For the DSM... "some people got together and decided to organize the way things were being done". There already WAS a form of organization.
"A set of rules that people could use IF THEY FELT LIKE IT." This sentence, dink, reflects your.. naiveté on the way the social corps manages to impose its COLLECTIVE will on us as individuals. Also on the way ideas are globalized and impose themselves on different cultures.
The shrinks working in mental hospitals in France HAVE NO CHOICE about whether to use this model or not. Particularly when they have to fill out those cute quality control forms (bureaucracy) to PROVE and justify how the filthy lucre is being spent.

Thai said...

I might take issue with the word naivete, since some of us accept rules.


so re: "the way the social corps manages to impose its COLLECTIVE will on us as individuals. Also on the way ideas are globalized and impose themselves on different cultures."

Agreed and so what

I do not see this approach is any worse than any else.
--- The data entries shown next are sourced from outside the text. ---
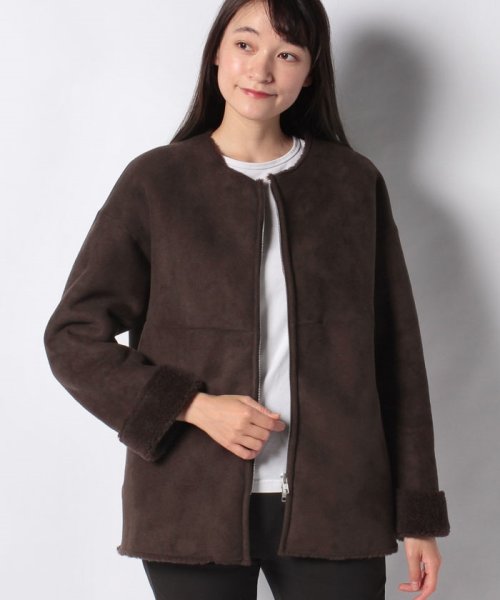 セール Rosso フェイクムートンノーカラーショートコート アーバンリサーチ アウトレット Urban Research Outlet D Fashion セール Rosso フェイクムートンノーカラーショートコート アーバンリサーチ アウトレット Urban Research Outlet D Fashion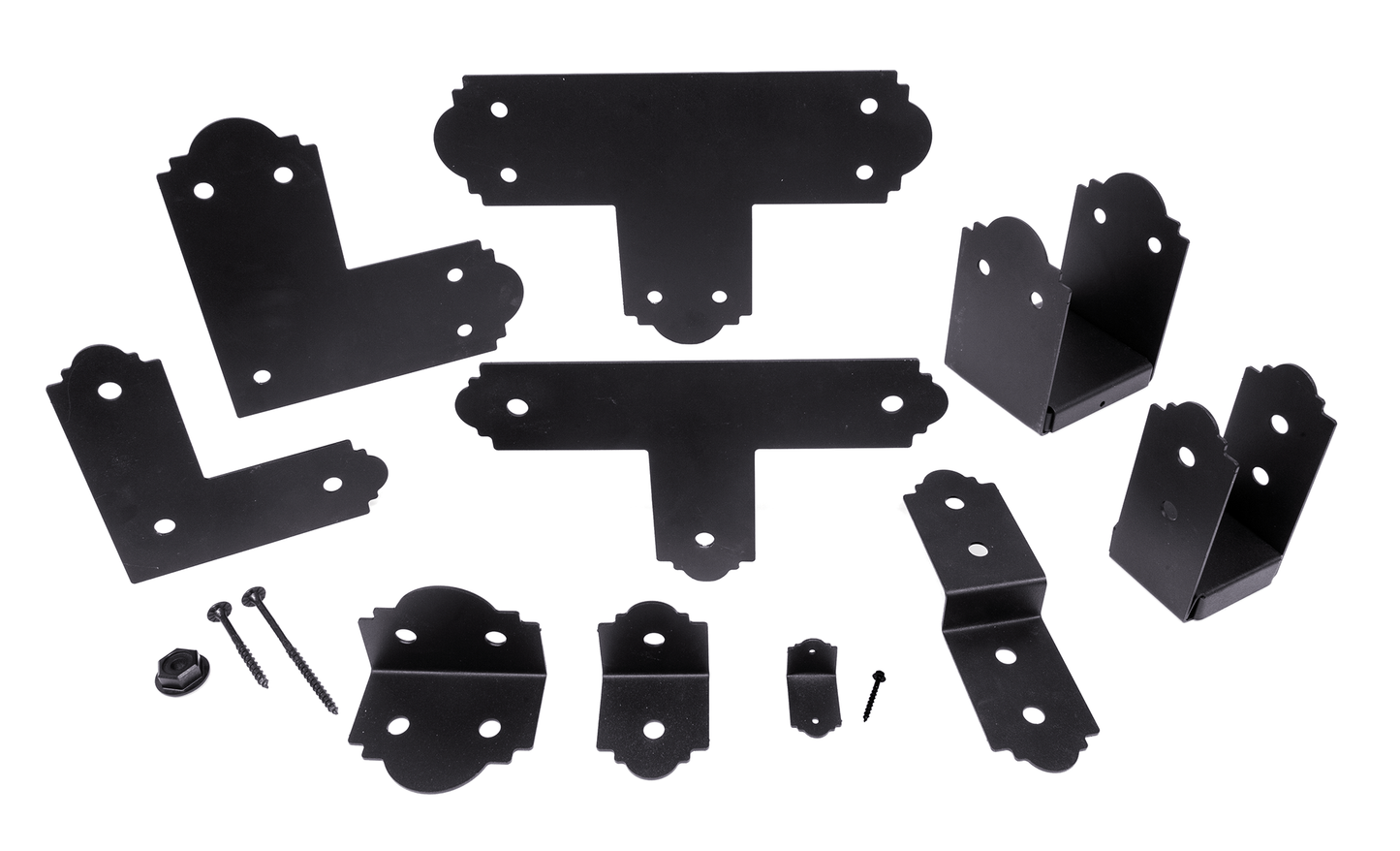 Simpson Strong-Tie SDWS22312DBB-R50 Outdoor Accents® Structural Wood Screw — .220 in. x 3-1/2 in. DB Coating, Black (50-Qty)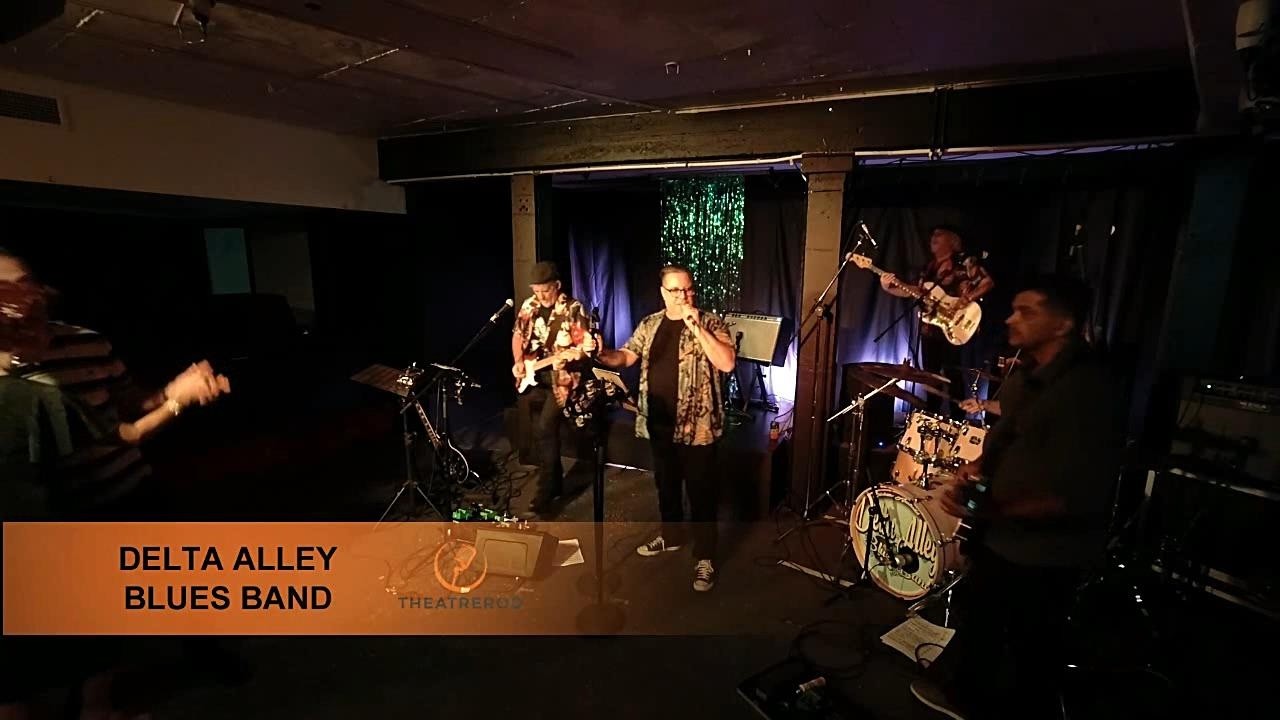 STORMY MONDAY Live at The Basement Delta Alley Blues Band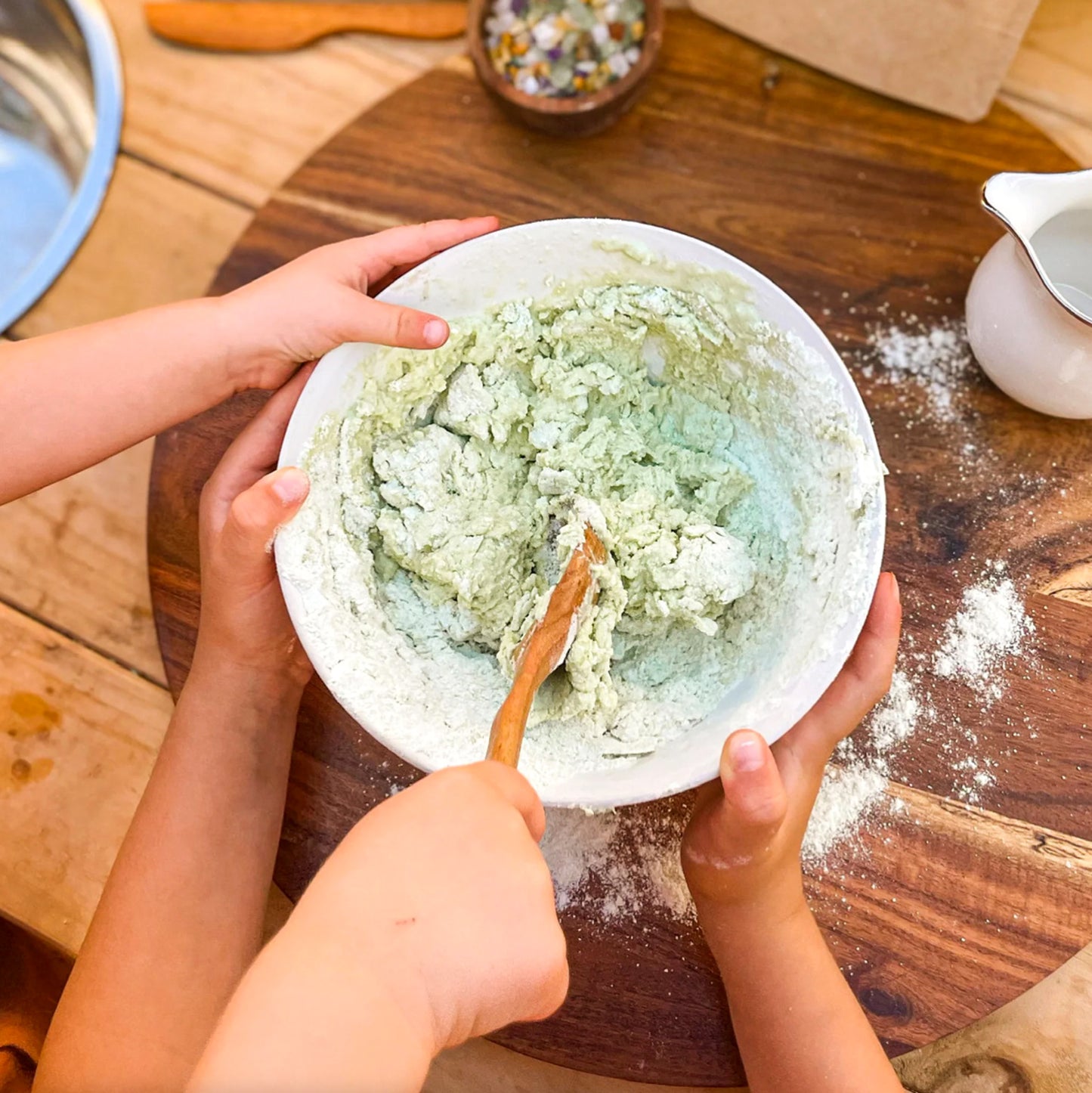 Playdough Mix - Garden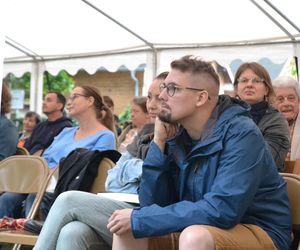 Spotkanie autorskie z Wojciechem Chmielarzem w Grudziądzu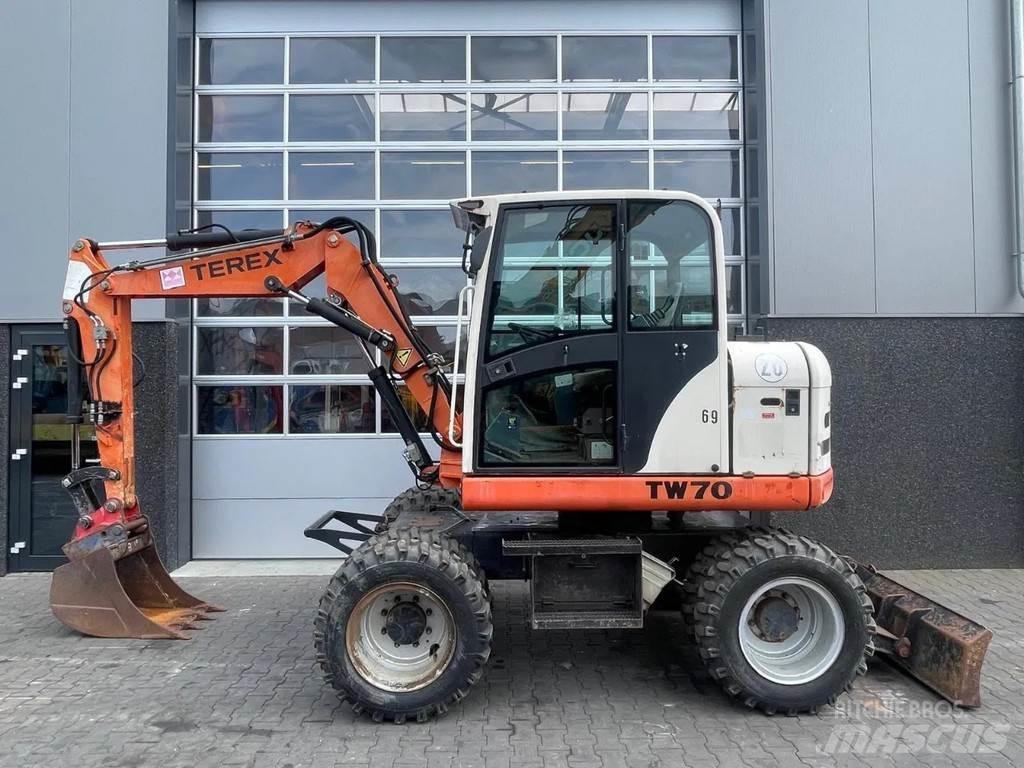 Terex TW70 Minikoparki
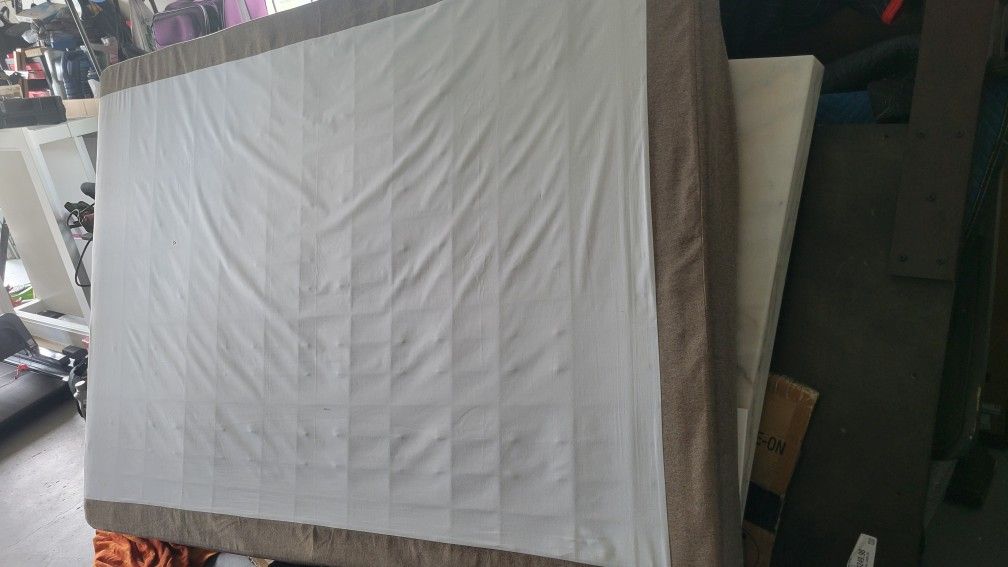 Queen Bed Frame And Box Spring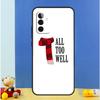 All Too Well Short Film Book Case For Samsung Galaxy A56 A52 A53 A16 A26 A36 A55 A35 A15 A32 A12 A33 A13 A14 A34 A54 A17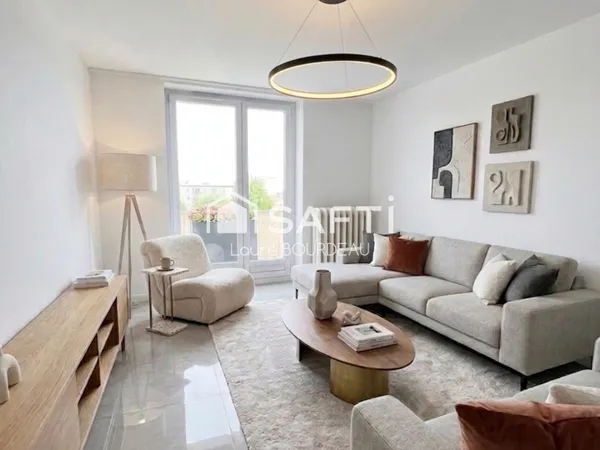 Appartement T3 - 62 m² - Quartier Minimes - Toulouse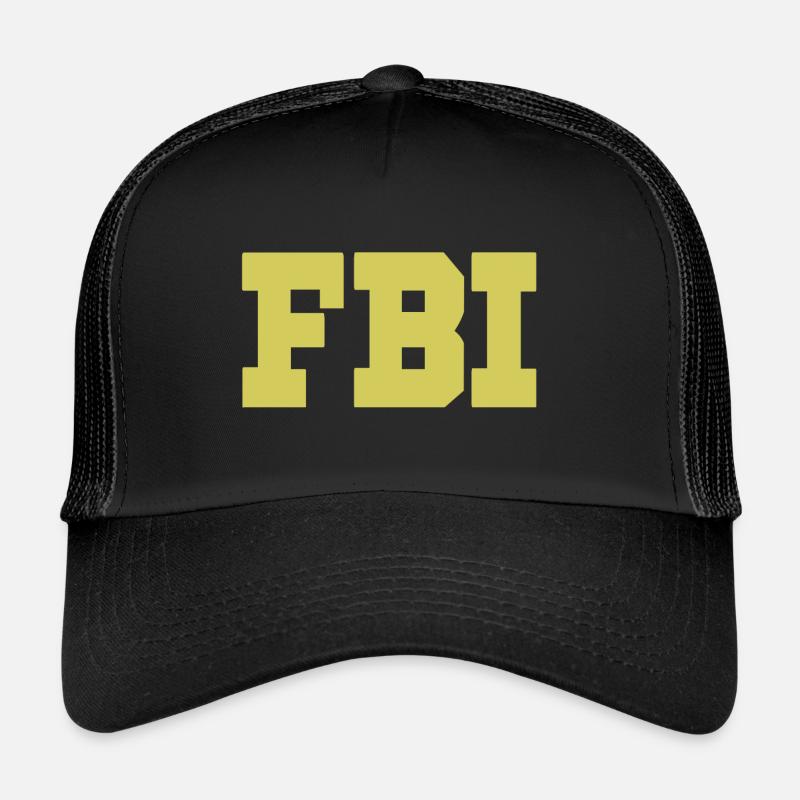 FBI Trucker Cap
There is no "alternative" which is better in my opinion. Simple one of those "a rose by any other name does not smell as sweet" issues.

Thai said...

And Dink, the deletes were simply for posts intended on Sudden Debt that I accidentally posted here. You can read them on SD

Debra said...

Thai, thanks for your post on Carlat. I really appreciate that. It looks as though I have not been permanently banned, though, huh ?
Remember, I am someone for whom naiveté is not the eighth deadly sin.
It is unfortunately true that naiveté is perceived at this time in our culture as being a sign of stupidity, and it is often thrown out as an accusation.
I take radical exception to that point of view.
Naiveté is a form of... trust, and belief.
So it is not necessarily a "bad" thing.
I noticed a long time ago that my brother in law's lip curled as he ACCUSED ME of being naïve on certain issues. (While HIS naiveté showed up at another level.)
Naiveté is a zero sum issue.
Because.. it exists in ALL of us.
Because we're human.
Thai, I maintain that the way that you feel about yourself will be different according to whether you pinpoint the source of your disgruntlement in attitudes emanating from the social body, or YOUR OWN FUCK UPS (and granted that it is time consuming work trying to separate out what is YOUR responsibility in what happens to you, and that it should be done).
It is extremely convenient and comfortable for the social body to assign EXCLUSIVE responsibility to the individual.
But I maintain that this is not the way things work.
Exclusion is a very costly mecanism of social control.